For all those little papers scattered across your desk
I map D&D alignments to type systems.
Lawful (static) | Neutral (none) | Chaotic (dynamic) | |
---|---|---|---|
Good (strong) | C, Java, the ML/Haskell family: every object has a type, and it must be correct at compile time | Lisp: every object has a type, but variables don’t have static compile-time types. All the checking happens at runtime. The type cannot change or be implicitly coerced. | |
Neutral (none) | No types! | ||
Evil (weak) | ???: Things have static (textual) types, but they are flexible (e.g., strings converted to booleans or arrays converted to hashes). The compiler guarantees, however, that all the possible conversions are still valid. | Javascript, Python: Types are flexible, due to implicit conversions.
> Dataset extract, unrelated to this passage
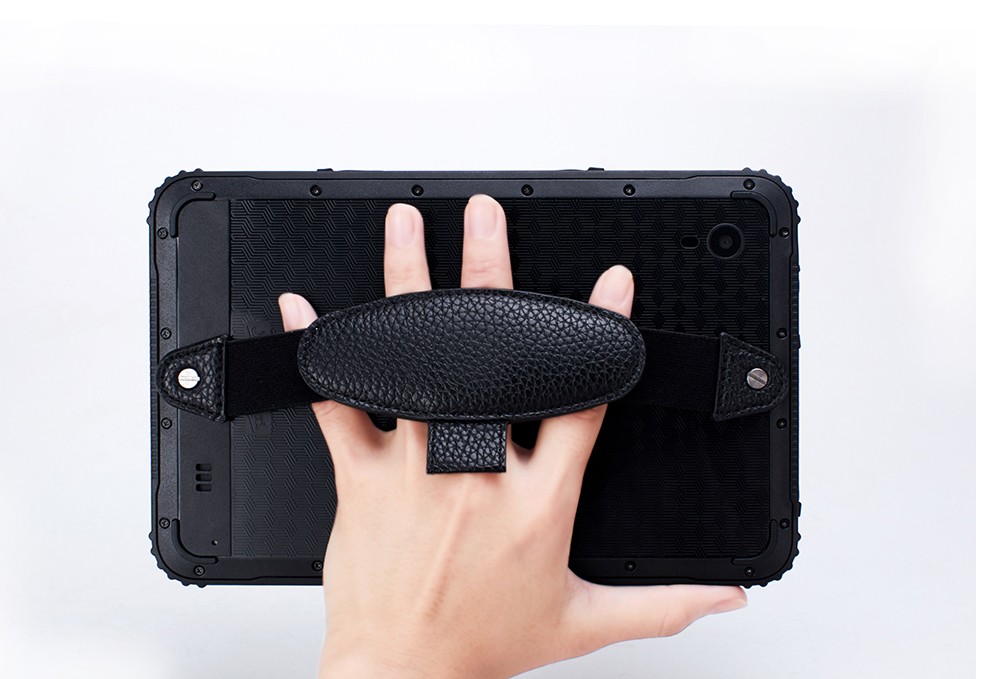 KS-188H Kinstone Rugged Tablet, 8 inch Windows 10 Rugged Tablet, 4G LTE, GPS, Water Resistance, 700nit Sunlight Readable, 7500mAh Battery, Dual Wi-Fi for Enterprise Work Field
They are often not even checked at runtime, and operations fail then when not supported. |
Summary:
Type | Definition |
---|---|
Strongly typed | Operations strictly require conforming types |
Weakly typed | Operations may coerce (or cast) types from one to another |
Statically typed | Types are checked by the compiler |
Dynamically typed | Types are checked by the runtime |
P.S. I’ve tried several times to classify Perl5 and Perl6 on this list (in v6, everything is an object). The difficulty is that things are often either scalars, arrays, hashes, or references to one of those; however, there is a lot of implicit conversion. They might fit the Static/Weak (Lawful Evil) axis, but I’m not sure: the compiler may or may not enforce the types of operations (though the runtime does, in a way).